◆ YOUR OBJECTIVE ◆
Extract from the entries below, exactly as given, only the lines from the line containing "custom gold silver" to the line containing "Tom Tailor Comfort", both lines included.

◆ EXCERPTED RECORDS ◆
[Start of section]

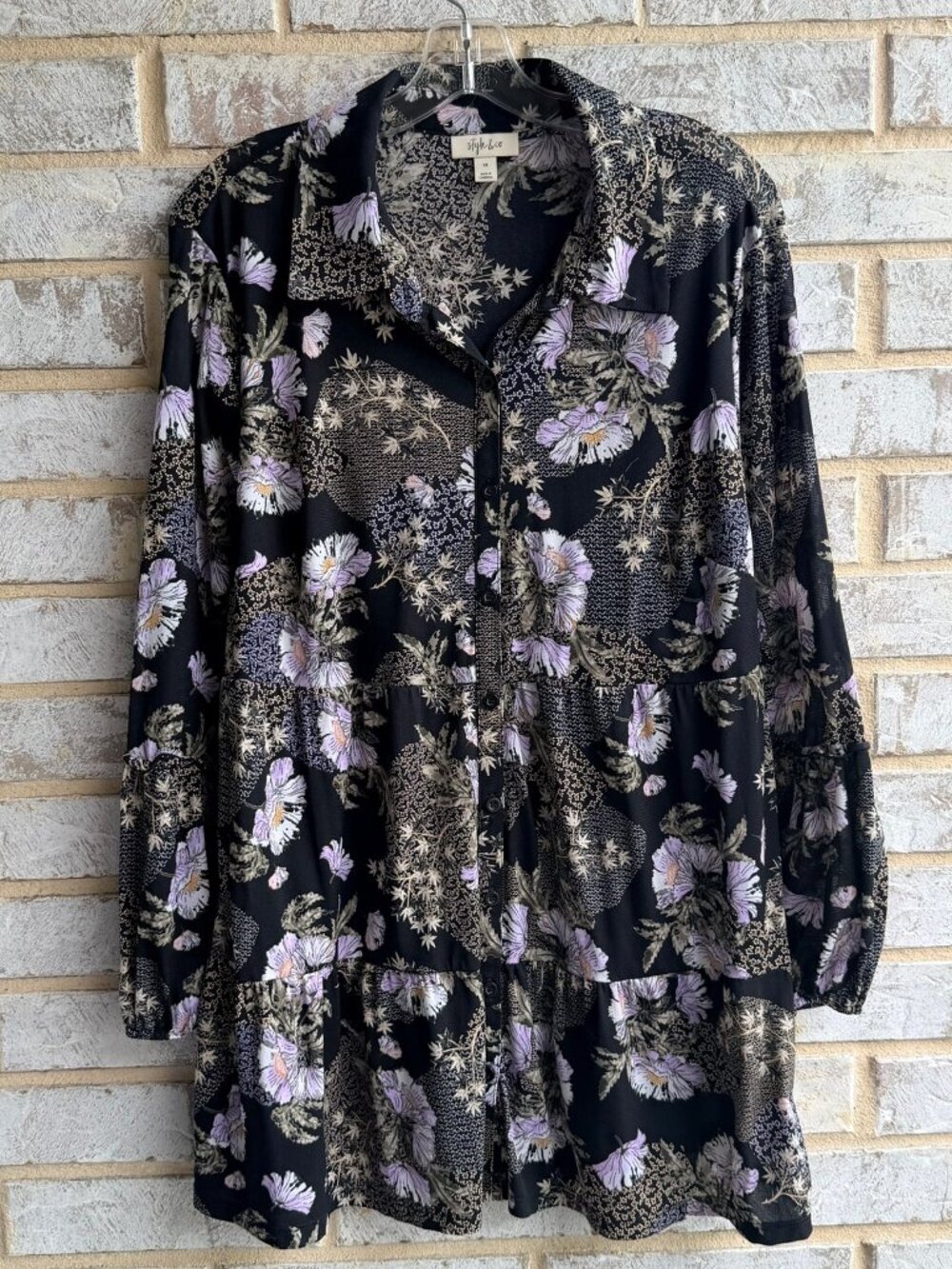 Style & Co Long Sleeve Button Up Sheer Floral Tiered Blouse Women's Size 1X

[End of section]
[Start of section]

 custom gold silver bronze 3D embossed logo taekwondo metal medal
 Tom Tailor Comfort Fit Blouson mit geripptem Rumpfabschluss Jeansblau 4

[End of section]

◆ RESPONSE BOX ◆
 custom gold silver bronze 3D embossed logo taekwondo metal medal
 Tom Tailor Comfort Fit Blouson mit geripptem Rumpfabschluss Jeansblau 4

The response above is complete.